A Travellerspoint blog

One Week Down (or three weeks, depending how you count it)

Also, a day spent exploring the Haut-Doubs.

rain 19 °C

Tomorrow will mark the three-week anniversary of my arrival in Besançon, but so much has happened in the past 20 days that it feels like it has been much longer.

I survived my first week of classes without sustaining too much damage – I feel like I am really in the perfect position - spending my first semester at the language institute and my second in mainstream university classes. (The CLA – Center for Applied Languages – is technically an academy of the Université of Franche-Comté, but the vast majority of students are either foreigners [traditional and nontraditional students; there are a few adults in my classes] who want to learn French, or are French and studying a language other than French.) Interestingly, I am the only student on this split track, and all of my professors were a little surprised and intrigued when my situation was explained to them. I’m not really sure how I ended up where I am…) All of my other international friends have just been dumped into mainstream classes, and some are faring much better than others. So I am grateful to be in a slightly more cozy and supportive environment where I can focus primarily on really deepening my understanding of the language. It’s kind of fun, because all of the people in my classes are definitely in the same boat; we are all intelligent individuals and dedicated students, but are essentially adults stuck with the vocabulary of a sixth grader. So many of our classes are an interesting mixture of discussing advanced ideas and concepts and elementary school activities (like standing in a circle and making gestures to convey our inner/emotional state, while the rest of the class offered up synonyms or phrases to describe them)!

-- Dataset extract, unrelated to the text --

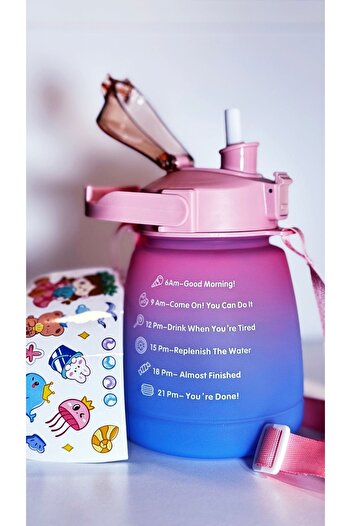 Bonjour 1.3 Lt Motivational Water Bottle with Straw and Lock and Leak-Proof Lid - Camping School Flask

At least as of now, it doesn’t look like my workload will be too heavy this semester, which is also nice. And all of my classes are pretty small – the largest is probably about twenty-five students, while the smallest is seven. It’s also fun to have so many shared classes with some students. On Wednesday, I went over to the University restaurant with a girl from Buffalo, NY for lunch between classes. We found ourselves in line right behind two guys from Canada and Japan who were also just coming from the same class (Written Composition/Comprehension). So we all sat down together and shared our adventures and challenges of the past weeks. Over the course of the discussion, we discovered that three of us were going to the same class right after lunch (Contemporary French History). It’s also nice to be able to sit in one class and ask your neighbor for clarification about an assignment in another class! Also, I’ve talked to multiple people who have referenced other Nebraskans studying at another level in the CLA, but I have yet to run into them….

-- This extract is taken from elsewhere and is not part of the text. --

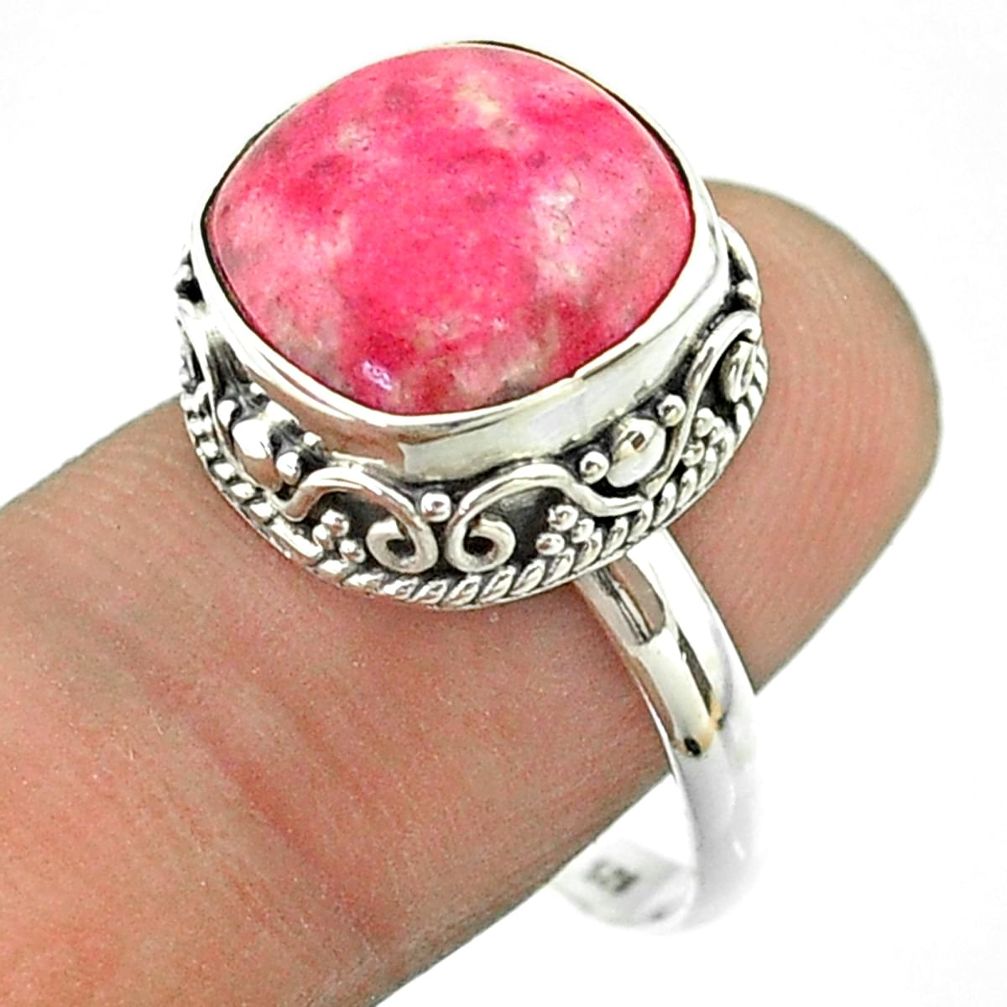 Thulite Ring - 6.46cts solitaire natural pink thulite cushion 925 silver ring size 8.5 t55865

This week, I found a yarn store! This was quite an accomplishment; I had looked online for shops last week and did not come up with ma,y results, except for one downtown. I looked for it after class one afternoon, but the address that was listed was actually the front door to an apartment building (the exact same thing happened the week before when I was looking for a place to stock up on school supplies…). This store – The Yarn Box – is actually within walking distance of my dorm, and the lady who was working there (I think she is the owner) is very friendly and an amazing knitter (she was working on one of the most beautiful sweaters I’ve ever seen). So now I’m all set to start on my hat and scarf for this winter!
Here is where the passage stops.